[Information provided — start]

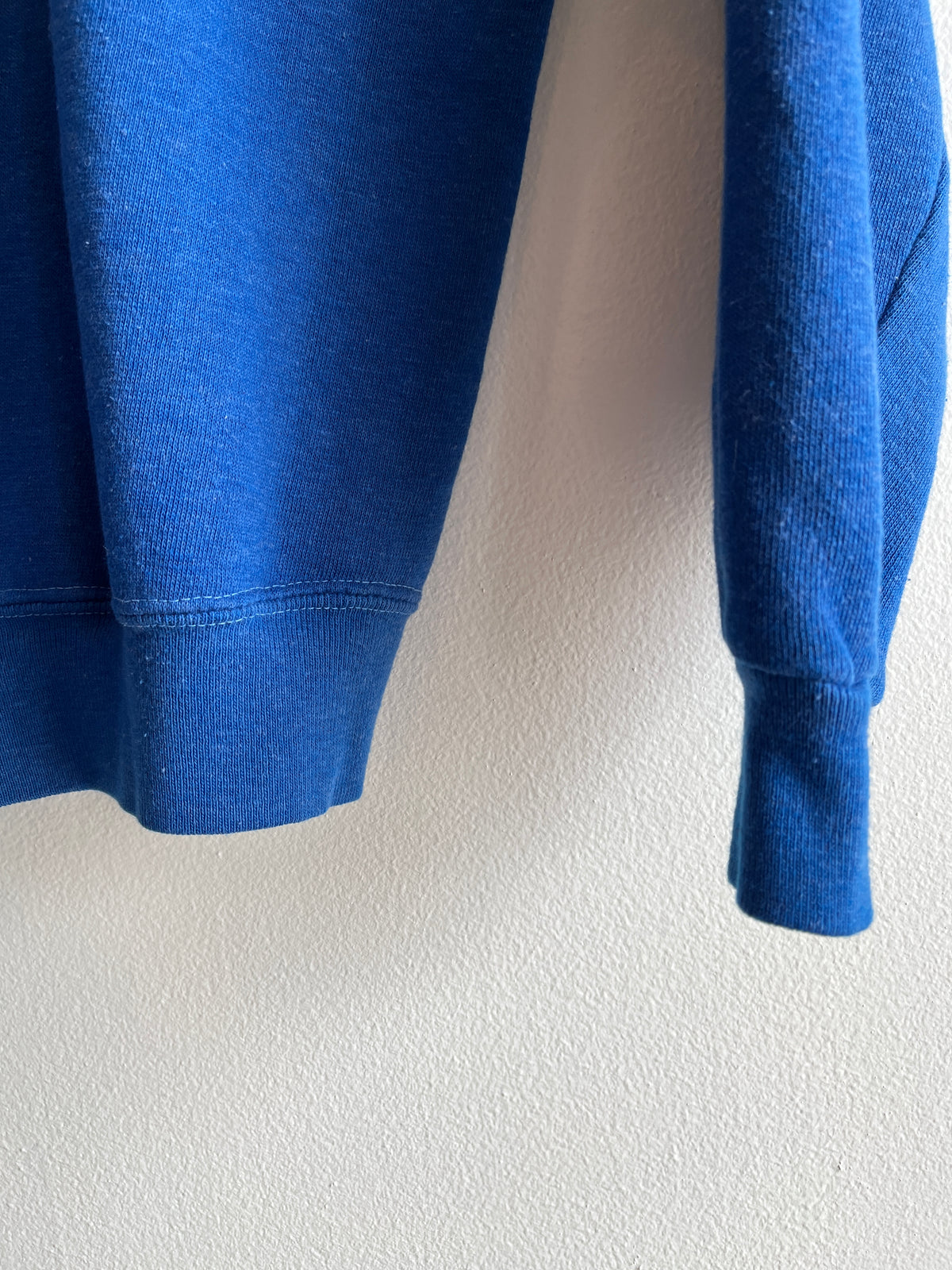Vintage 1970’s Sportswear Crewneck Sweatshirt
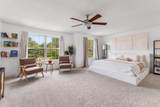 9283 Downing Road - Photo 18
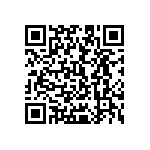 0603Y2503P00BQT QRCode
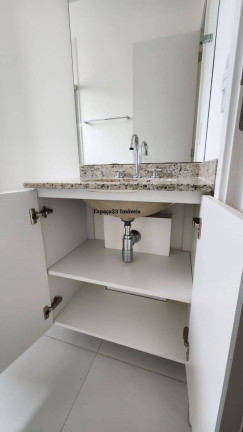 Imagem Apartamento com 3 Quartos à Venda, 88 m² em Casa Verde - São Paulo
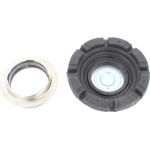 Corteco Reparatursatz 80001707 Corteco Reparatursatz 80001707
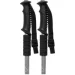   Easyfit     Energia EF-3924-GY, 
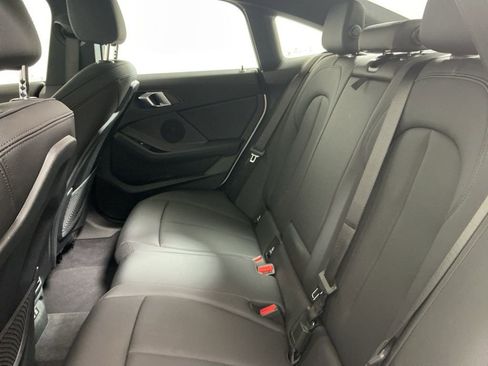 Certified 2024 BMW 228i Gran Coupe w/ M Sport Package image 29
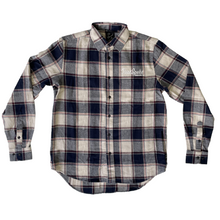 Load image into Gallery viewer, BentSpoke Flannel
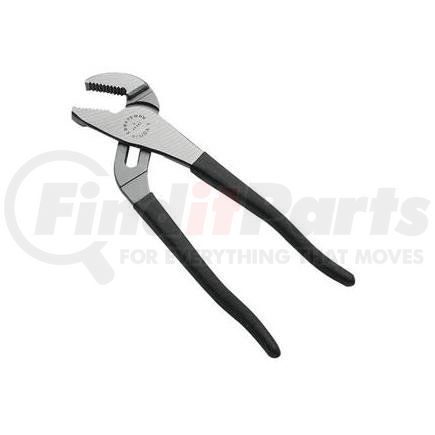 00945381CI by CRAFTSMAN - Craftsman® Arc Joint Pliers, 9 1/2"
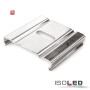 ISO114596 / Montageklammer für Leuchtenprofil LAMP40 / 9009377083068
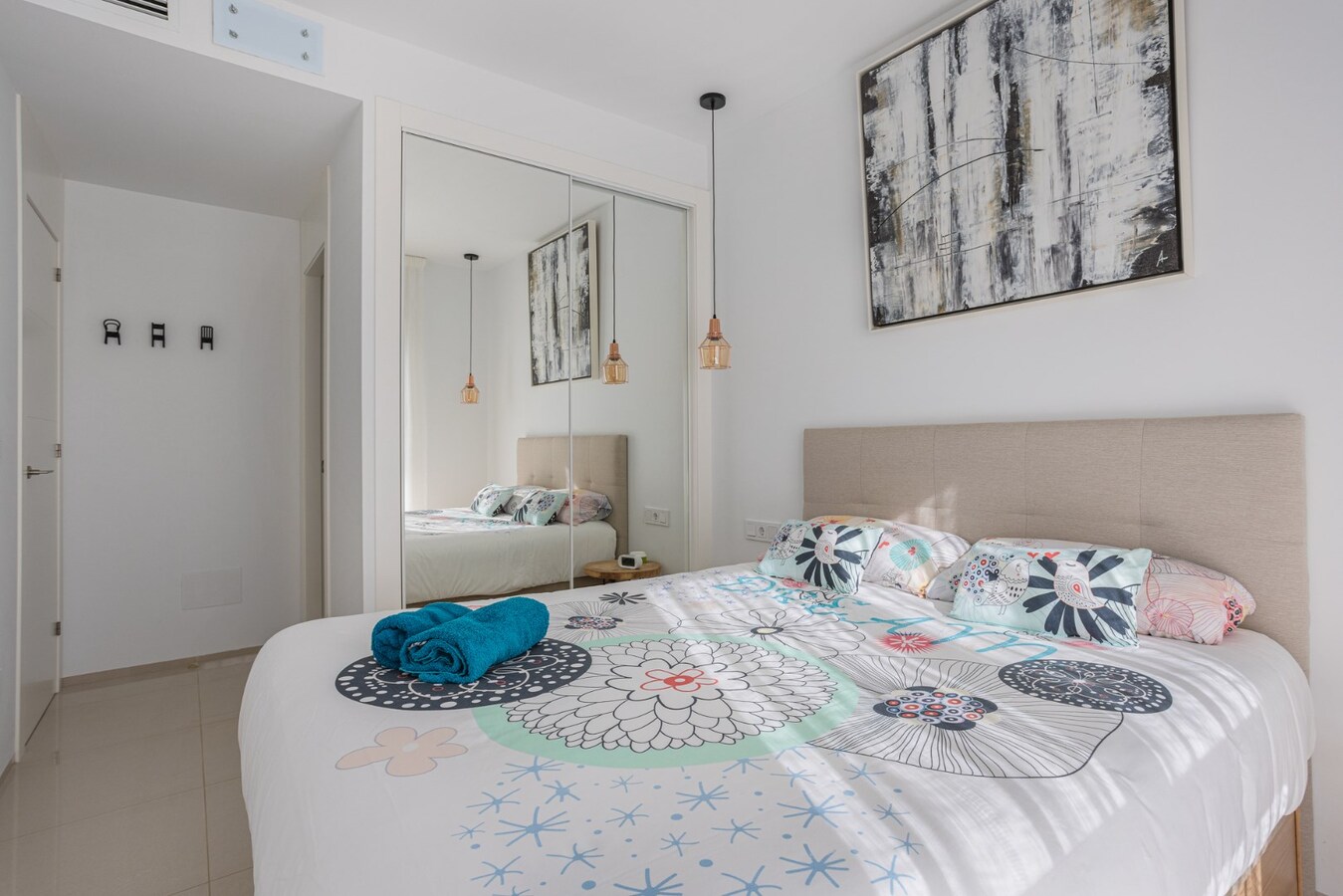 Woning te koop in Rojales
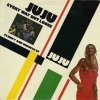 Oneness of Juju - Every Way But Loose (1982)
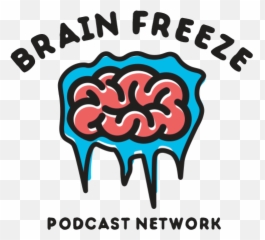 Brain Freeze Png Free Ze - Brain Freeze Png,Freeze Png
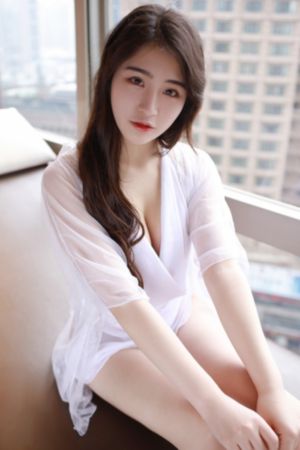 行尸走肉第十二季免费看_高清电影在线看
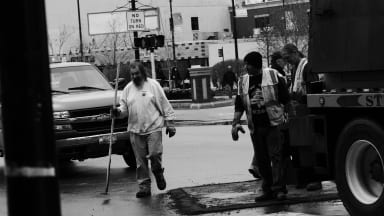 large hero panasonic lumix GH4 sample photos large hero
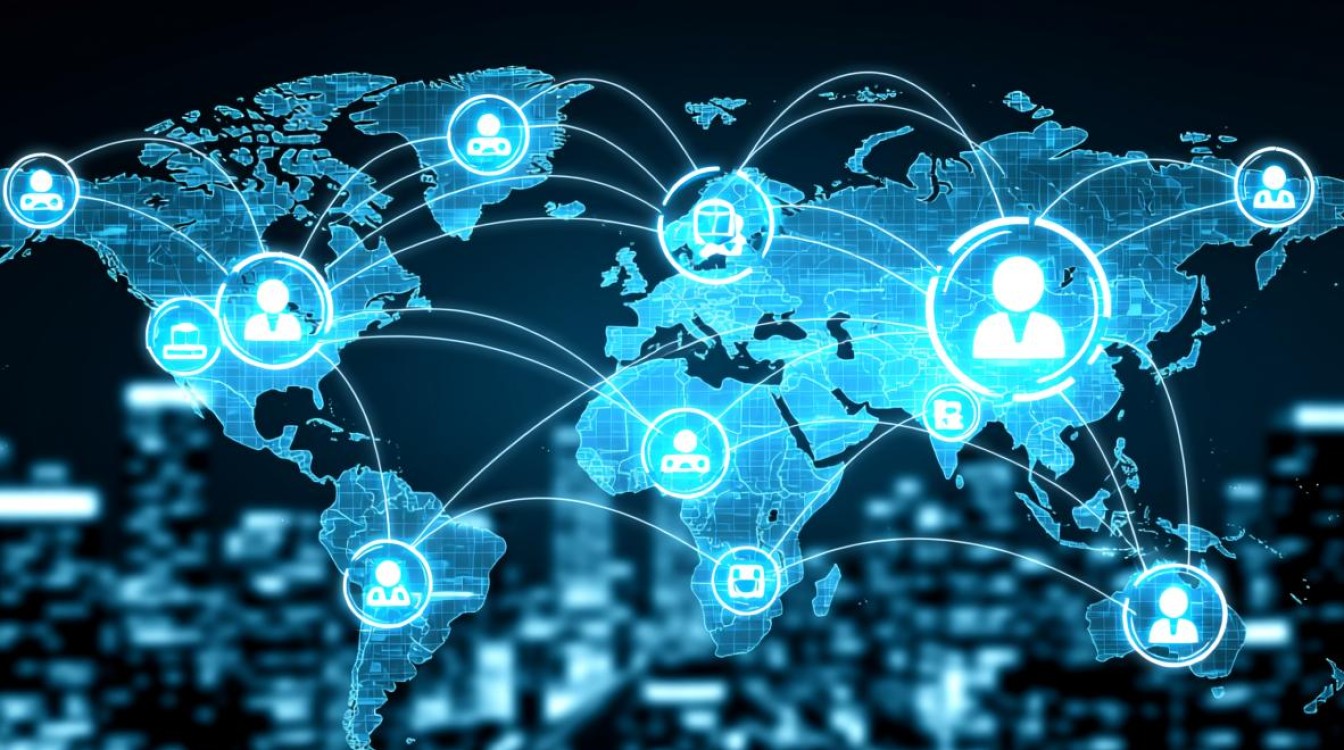 移动宽带联通服务器，网速慢是网络问题还是服务器问题？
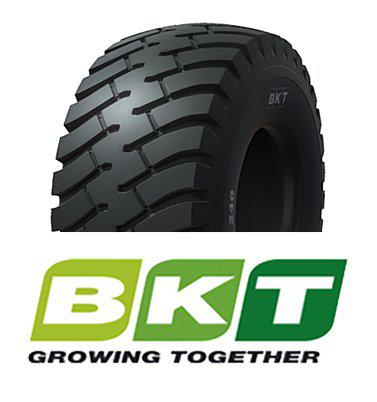 18-15,5 14PR TT F240 E BKT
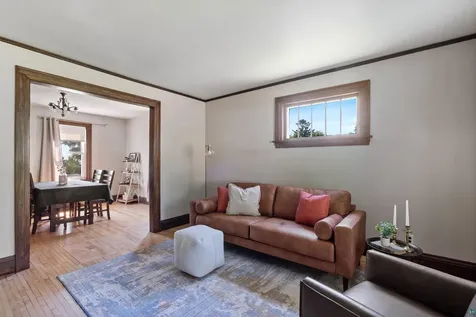 1428 Fern Avenue Duluth MN 55805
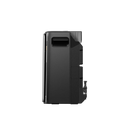 EcoFlow STREAM Pro Station d'Energie Solaire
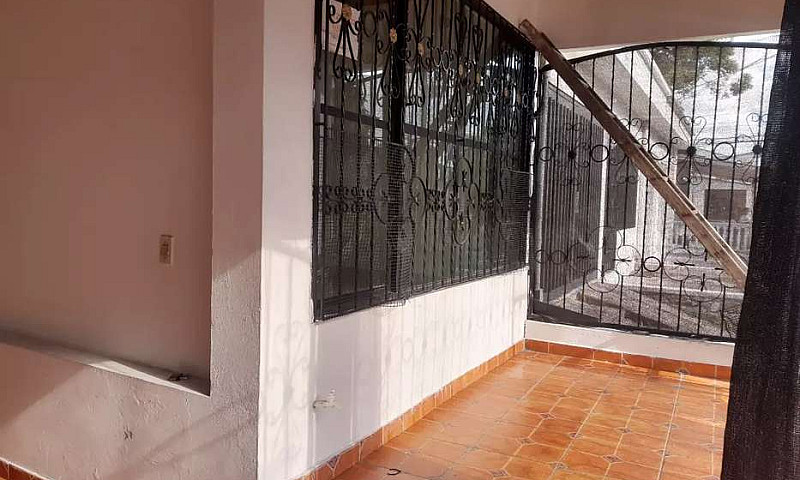 Casa En Venta La Alb...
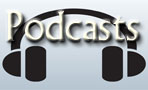 podcasts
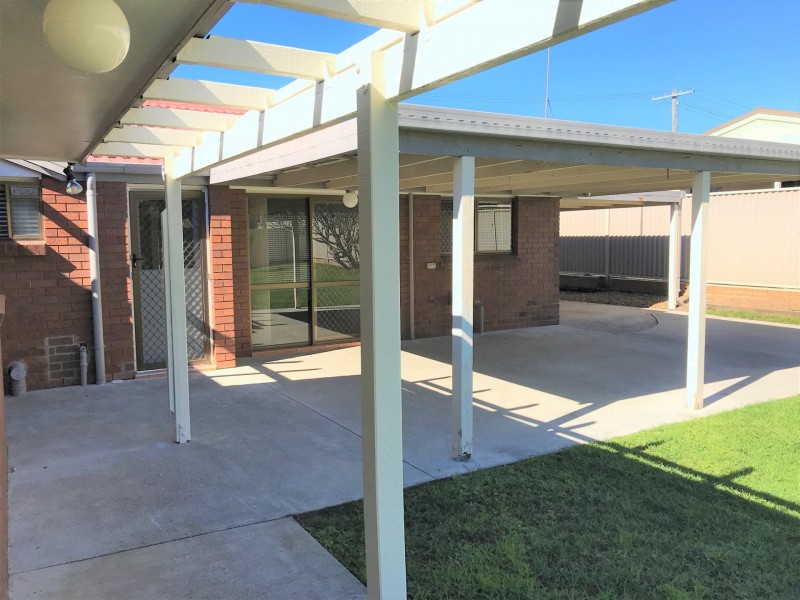 69 Smith Street, Cleveland QLD 4163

[Information provided — finish]

*Your instructions*: Transcribe all of the data above exactly; no picture belongs in the copy.

*Answer box*:
Vintage 1970’s Sportswear Crewneck Sweatshirt
 9283 Downing Road - Photo 18
 0603Y2503P00BQT QRCode
 Imagem Apartamento com 3 Quartos à Venda, 88 m² em Casa Verde - São Paulo
 Corteco Reparatursatz 80001707 Corteco Reparatursatz 80001707
   Easyfit     Energia EF-3924-GY, 
 Certified 2024 BMW 228i Gran Coupe w/ M Sport Package image 29
 Load image into Gallery viewer, BentSpoke Flannel
 00945381CI by CRAFTSMAN - Craftsman® Arc Joint Pliers, 9 1/2"
 ISO114596 / Montageklammer für Leuchtenprofil LAMP40 / 9009377083068
 Woning te koop in Rojales
 Oneness of Juju - Every Way But Loose (1982)
 Brain Freeze Png Free Ze - Brain Freeze Png,Freeze Png
 行尸走肉第十二季免费看_高清电影在线看
 large hero panasonic lumix GH4 sample photos large hero
 移动宽带联通服务器，网速慢是网络问题还是服务器问题？
 18-15,5 14PR TT F240 E BKT
 1428 Fern Avenue Duluth MN 55805
 EcoFlow STREAM Pro Station d'Energie Solaire
 Casa En Venta La Alb...
 podcasts
 69 Smith Street, Cleveland QLD 4163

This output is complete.